In my neighborhood in Lagos, Nigeria we have 24-hour power supply. Outside Nigeria, that will not be something you have to tell anyone. In Nigeria, power outages are a thing. There are no warnings. Your lights go out and that’s the end of the story. It does not count as an emergency. It’s not an ‘oh, no!’ or an ‘oh, my!’, it’s an ‘oh, okay’. There is no need to clutch any pearls. If you have a generator, you go outside, switch it on and continue your life. Otherwise, you enjoy the darkness and the heat. If you have a generator and there is no fuel in it, you join the party in the hot darkness. If your generator has fuel, but the starting mechanism is bad and you don’t have a rope to use as a back up (only the OGs will know about this), you have a VVIP pass to the party. If your battery is faulty or you have not serviced the engine of that generator, baby, you already know you’re in the party.
But that party does not hold in my neighborhood. Or so I thought. We had had electricity for months. The only time the electricity went out was when individual households ran out of units on their meter. This is not a general issue, it’s an individual one. The solution is to this is to put units on your meter. We usually have a backup on our card so that, if we were to run out, we have enough to keep the lights on until we can go to the electricity company and recharge. So I expected that when I turned on the light switch on Monday morning, the lights will come on.
On Monday morning, the lights did not come on. I don’t know why the lights did not come on. The lights should have come on. But they didn’t. But we have a generator, I thought to myself, I’ll go and turn it on. Two problems there: there was no diesel in the generator and the battery was dead. At this point two things came to mind: I should have straightened my hair on Sunday evening and what’s the point of having a generator that does not do the work of generating power? I’ll like to talk a little more about the second thought.
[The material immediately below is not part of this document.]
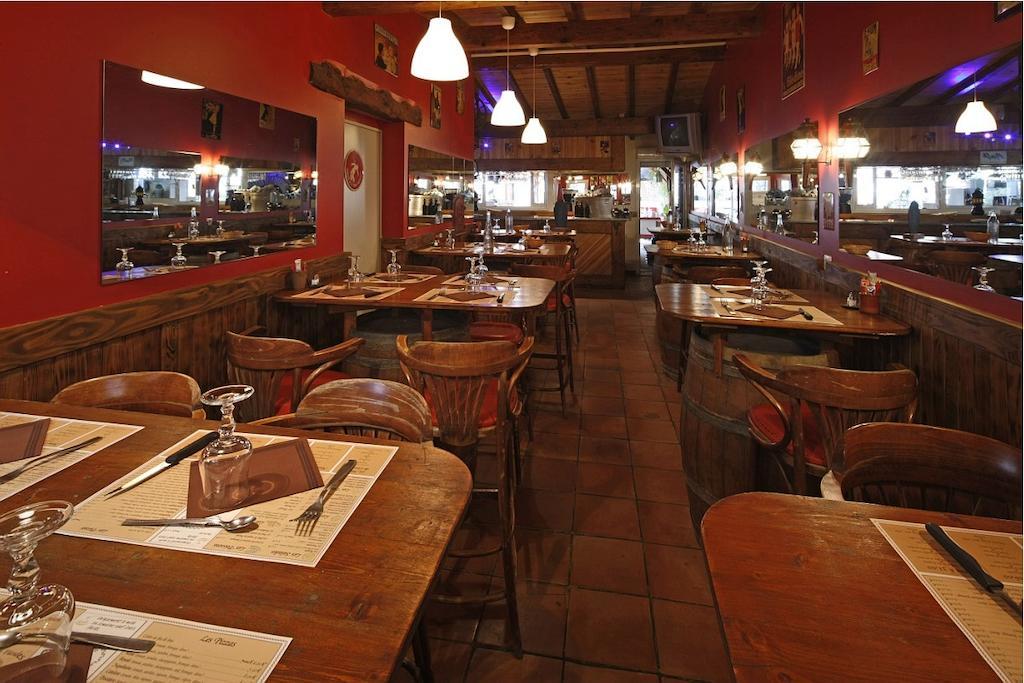 Hotel Restaurant Chez Pito Busque エクステリア 写真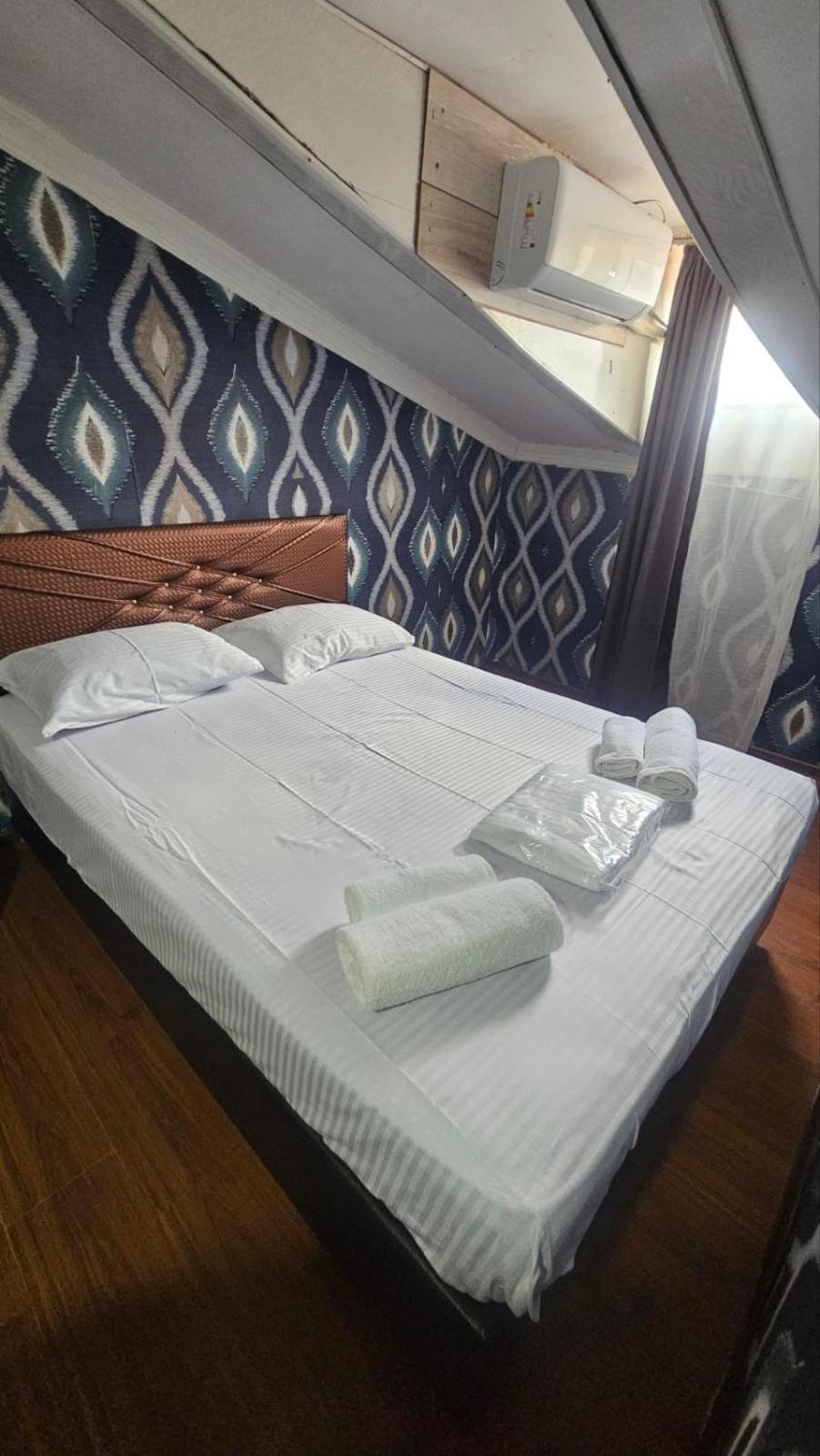 Apartment Zurabi Батуми Стая снимка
When I boil it down, the reason I tied my hair back is that the generator wasn’t working not that there was no electricity. No, that is not correct. The reason is I did not envisage a situation where the electricity will go out inexplicably and was not prepared for it. Before the advent of 24 hour electricity, we had a diesel supply guy who filled the generator tank every week and left a reserve. We also had a contract with a repair company to service the generator and ensure that everything was working appropriately. That stopped when the electricity supply became irregular and we did not see the need for a backup.
I read a quote once that spoke to the fact that the difference between the thing that may go wrong and the thing that cannot possibly go wrong is that when they go wrong, one is quick and simple to fix and the other is almost always impossible to fix. You can guess which is which. You may also have heard that the punch you don’t see coming is the one that takes you out. Well, what in your life cannot possibly go wrong?